Goal of the exercise: Please set down only the lines running from the one with "In the next" through the last line of the entries, exactly as written and without any pictures.

Extracted data entries
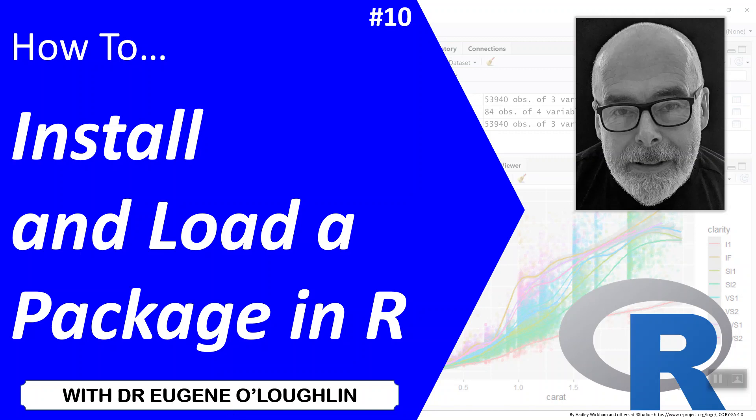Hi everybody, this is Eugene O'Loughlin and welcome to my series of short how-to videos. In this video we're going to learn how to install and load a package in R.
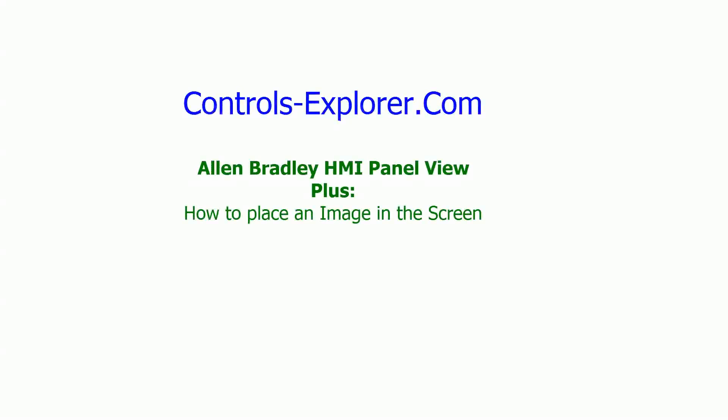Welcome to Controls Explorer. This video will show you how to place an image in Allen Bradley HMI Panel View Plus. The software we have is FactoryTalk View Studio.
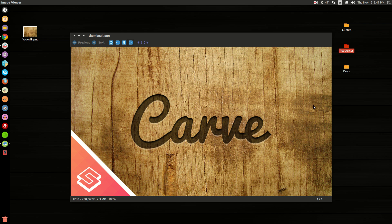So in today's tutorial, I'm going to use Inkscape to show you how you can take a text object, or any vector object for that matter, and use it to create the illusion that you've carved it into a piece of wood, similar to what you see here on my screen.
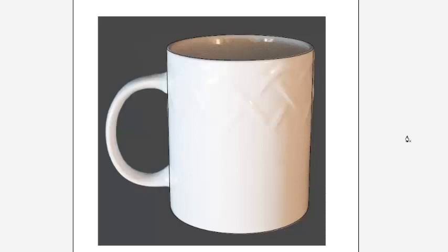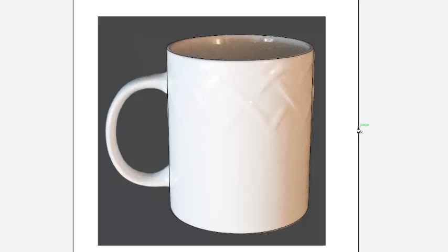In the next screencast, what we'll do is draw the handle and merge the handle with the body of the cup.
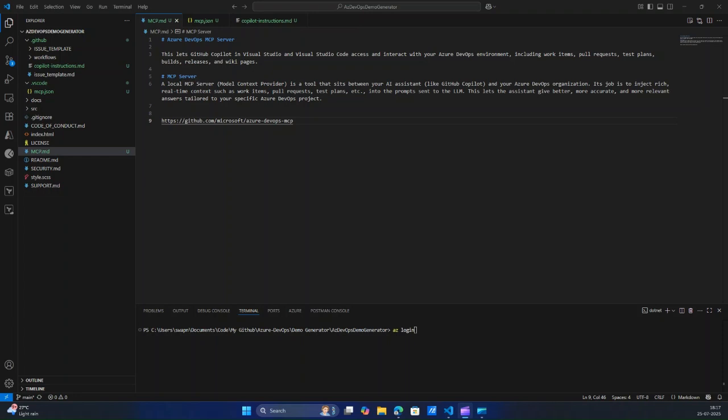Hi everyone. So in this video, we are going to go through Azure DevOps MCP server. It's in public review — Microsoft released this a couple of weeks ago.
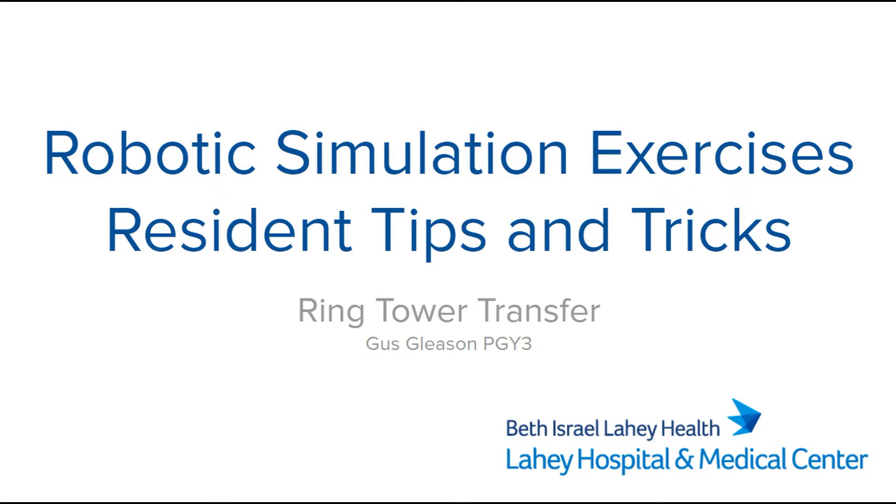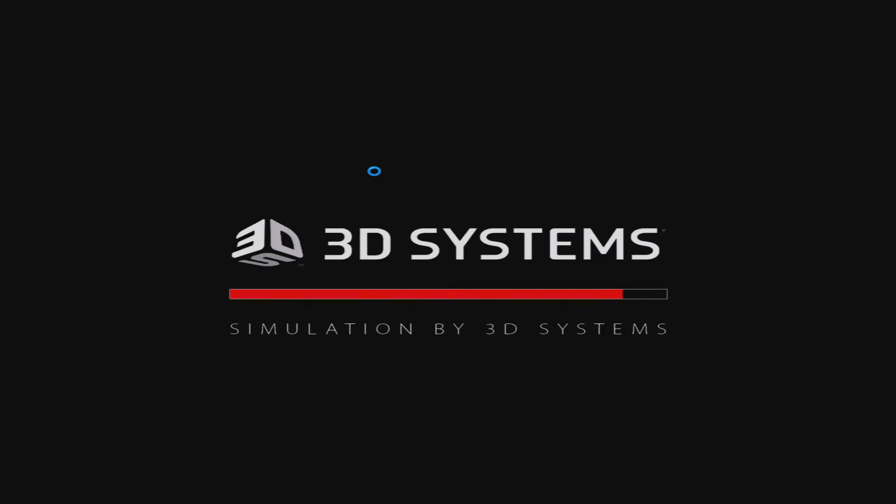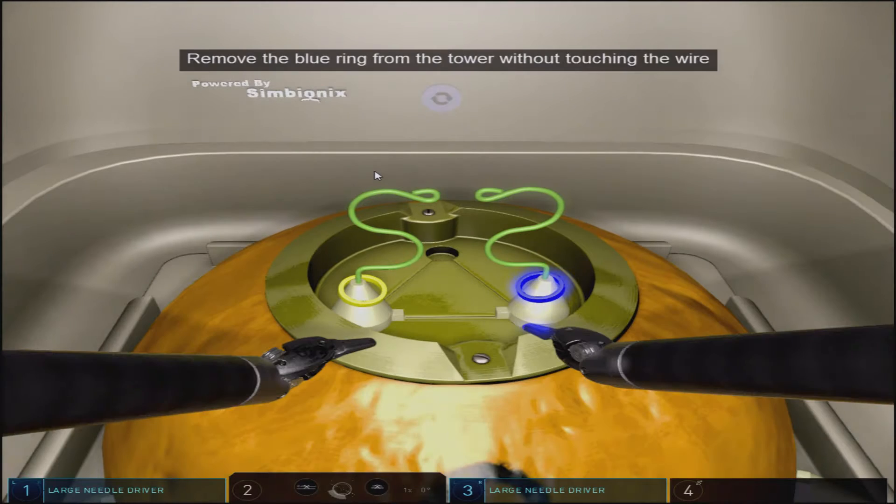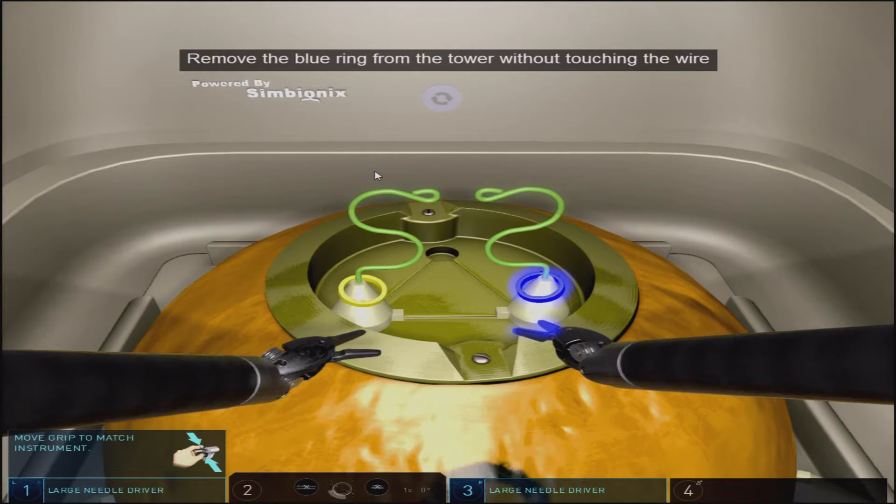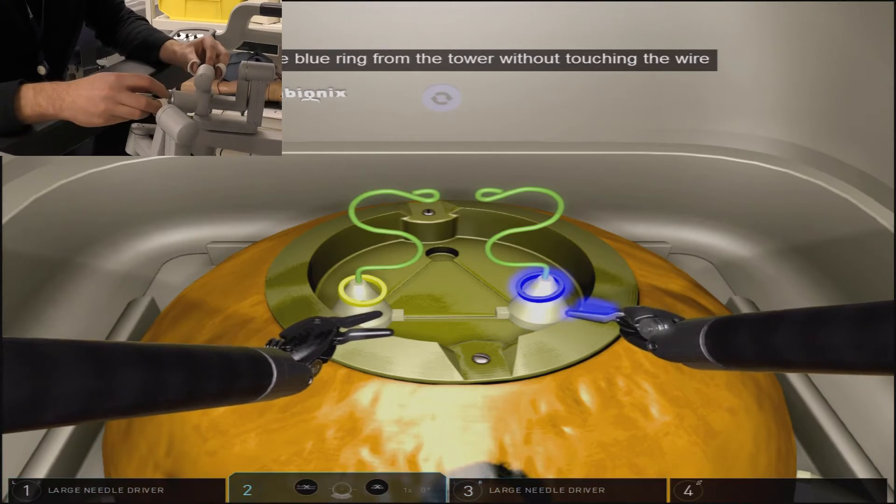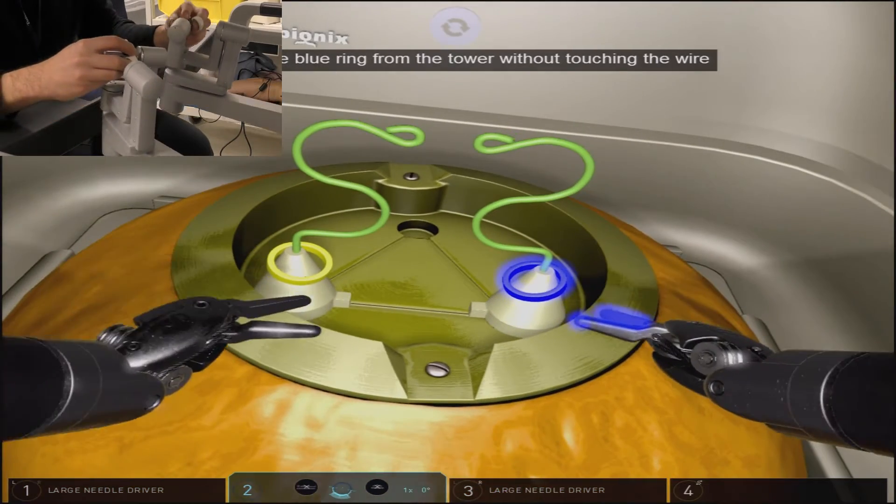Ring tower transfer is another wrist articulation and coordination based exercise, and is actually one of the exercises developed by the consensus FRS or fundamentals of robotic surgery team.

Finished task:
In the next screencast, what we'll do is draw the handle and merge the handle with the body of the cup.
Hi everyone. So in this video, we are going to go through Azure DevOps MCP server. It's in public review — Microsoft released this a couple of weeks ago.
Ring tower transfer is another wrist articulation and coordination based exercise, and is actually one of the exercises developed by the consensus FRS or fundamentals of robotic surgery team.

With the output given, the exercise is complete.